◆ **Exercise instructions**
Write out the listing from the line with "Обеденные стол со" to the line with "Gümüş Renk Zirkon Taşlı Basic Küpe", both lines included, exactly and nothing beyond. Leave pictures out.

◆ **Extracted material**
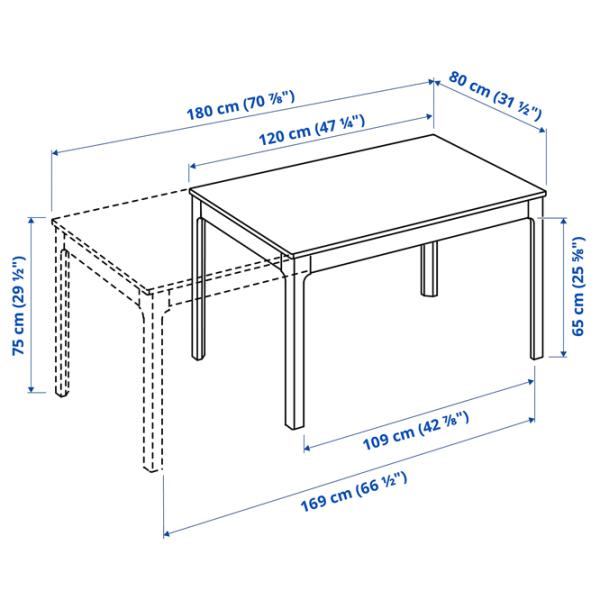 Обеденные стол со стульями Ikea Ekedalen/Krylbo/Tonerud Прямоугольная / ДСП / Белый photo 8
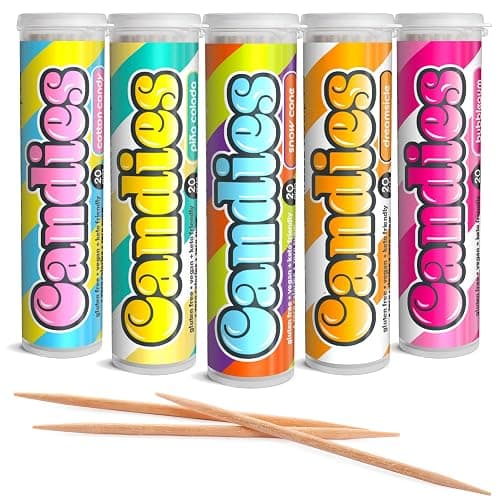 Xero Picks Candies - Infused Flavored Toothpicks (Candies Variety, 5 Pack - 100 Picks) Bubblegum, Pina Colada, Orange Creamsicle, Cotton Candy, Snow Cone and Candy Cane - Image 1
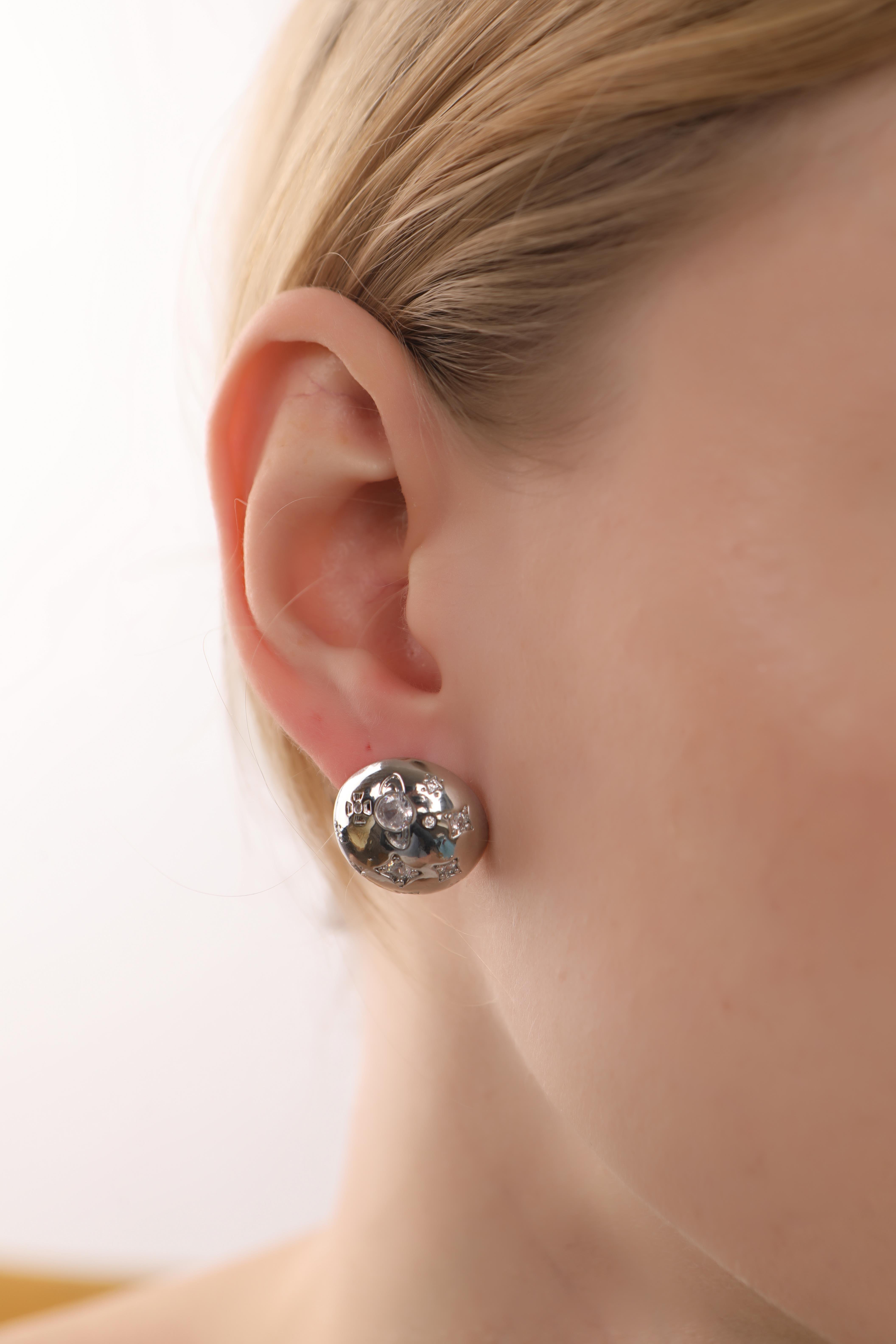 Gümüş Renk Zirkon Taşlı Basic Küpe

==

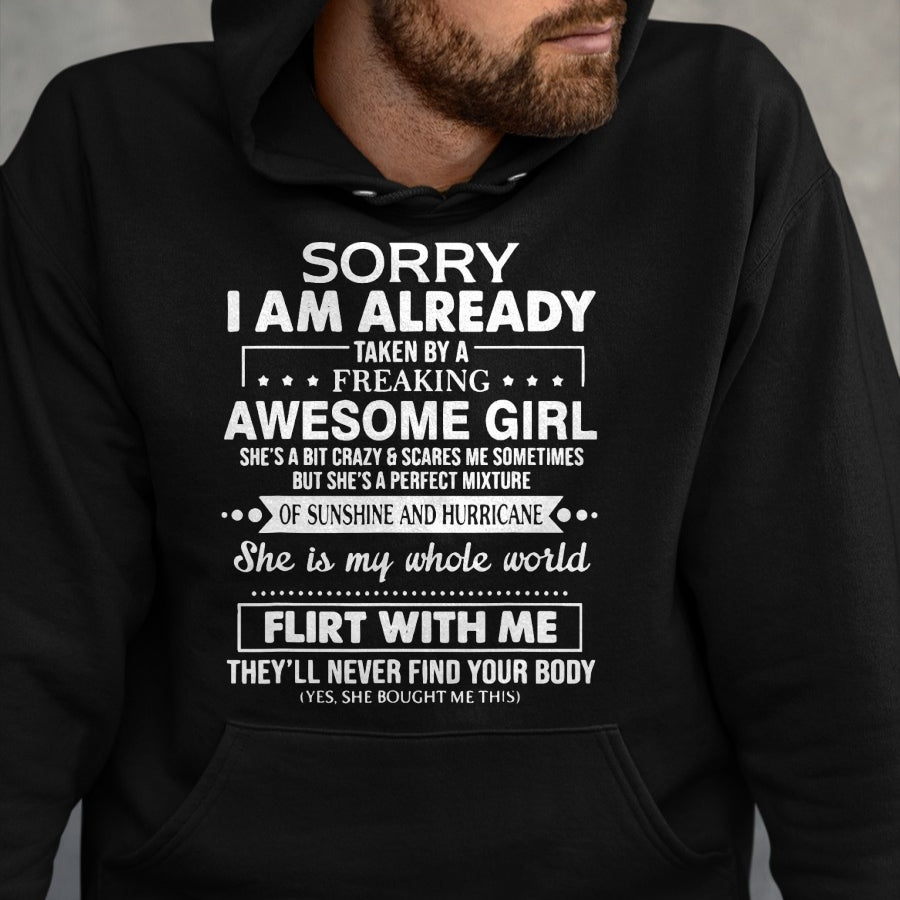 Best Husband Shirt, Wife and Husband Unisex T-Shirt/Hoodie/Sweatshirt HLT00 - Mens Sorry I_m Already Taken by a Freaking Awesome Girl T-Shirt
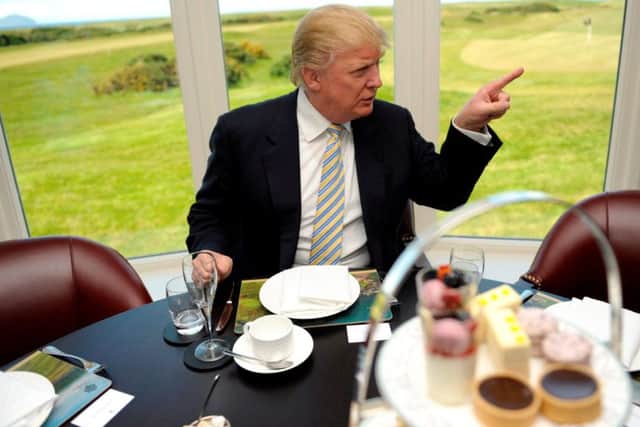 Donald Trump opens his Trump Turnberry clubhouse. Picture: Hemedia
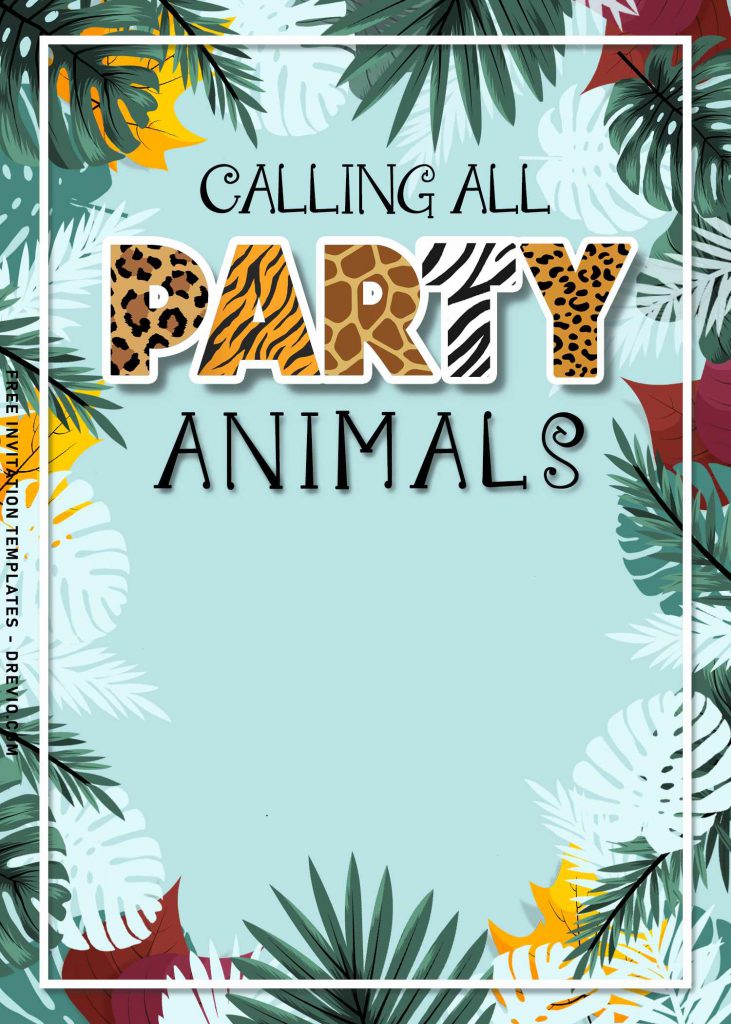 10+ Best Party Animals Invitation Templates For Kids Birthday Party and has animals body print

◆ **Task answer**
 Обеденные стол со стульями Ikea Ekedalen/Krylbo/Tonerud Прямоугольная / ДСП / Белый photo 8
 Xero Picks Candies - Infused Flavored Toothpicks (Candies Variety, 5 Pack - 100 Picks) Bubblegum, Pina Colada, Orange Creamsicle, Cotton Candy, Snow Cone and Candy Cane - Image 1
 Gümüş Renk Zirkon Taşlı Basic Küpe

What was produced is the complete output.